From: Tenie Remmel <tjr19@mail.idt.net>
Newsgroups: sci.math
Subject: Sums of cubes, 4th-powers, etc.
Date: Sat, 14 Dec 1996 12:04:54 -0800

It has been proved that every number is a sum of 9 cubes,
and 19 4th-powers.

But what about 5th-powers, I think it's 37, but I don't have
a proof (however, 223 needs 37 5th-powers, so it can't be less).

And not all numbers need 9 cubes.  Actually, I think every
sufficiently large number is a sum of:

	5 cubes,
	16 4th-powers (maybe 15),
	10 5th-powers.

In fact, 1290740 seems to be the biggest number that needs 6 cubes.
This I tested to 200 million.  Similarly, all numbers above 13792
seem to be a sum of 16 4th-powers, and all numbers above 51033617
a sum of 10 5th-powers.

1)  Are there any real (i.e. proven) results here?

2)  Why do you need more 4th-powers than 5th-powers?!
    This is very strange.

3)  Any lower bounds?   It can't be N-1 Nth-powers, since there are
    only a maximum of (K^(1/N))^(N-1) sums of N-1 Nth powers below K
    and this being K^((N-1)/N) is always less than K.

P.S.  Testing these to 200 million isn't hard, it only takes 1-4 hours
      with a Pentium-90.  Runs out of memory if you go any higher, so
      I couldn't go to a billion.

-- Tenie Remmel
tjr19@mail.idt.net

==============================================================================

From: saouter@irisa.fr (Saouter Yannick)
Newsgroups: sci.math
Subject: Re: Sums of cubes, 4th-powers, etc.
Date: 15 Dec 1996 14:55:54 GMT

In article <32B30866.FDD@mail.idt.net>, Tenie Remmel <tjr19@mail.idt.net> writes:
> It has been proved that every number is a sum of 9 cubes,
> and 19 4th-powers.
> 
> But what about 5th-powers, I think it's 37, but I don't have
> a proof (however, 223 needs 37 5th-powers, so it can't be less).
> 
> And not all numbers need 9 cubes.  Actually, I think every
> sufficiently large number is a sum of:
> 
> 	5 cubes,
> 	16 4th-powers (maybe 15),
> 	10 5th-powers.
> 
> In fact, 1290740 seems to be the biggest number that needs 6 cubes.
> This I tested to 200 million.  Similarly, all numbers above 13792
> seem to be a sum of 16 4th-powers, and all numbers above 51033617
> a sum of 10 5th-powers.
> 
> 1)  Are there any real (i.e. proven) results here?

Let $g(k)$ be the least number of positive k-th powers necessary to write any
positive numbers.
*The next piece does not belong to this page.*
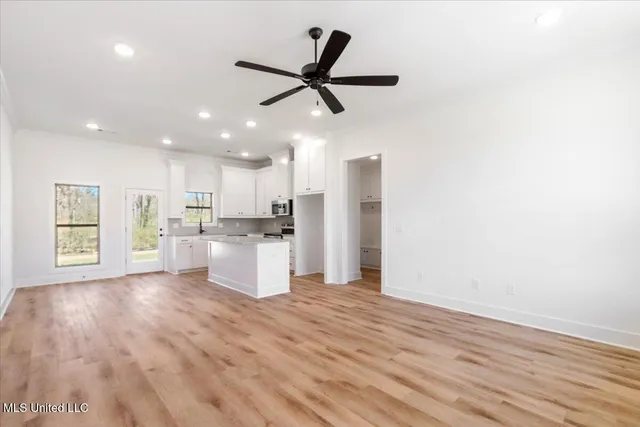 $275,500 | 107 Northeast Adams Avenue, Magee, MS 39111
Then the expression of $g(k)$ is exactly known since
1944 as far as I know.

> 
> 2)  Why do you need more 4th-powers than 5th-powers?!
>     This is very strange.

16 biquadrates are needed and 37 quintic powers are needed.

There is however open problems e.g. :

- Show that any positive number but a finite number ones can
be expressed as sum of 4 cubes.

- Show that any integer (positive or not) can be expressed as
the sum of 3 cubes, positive or not.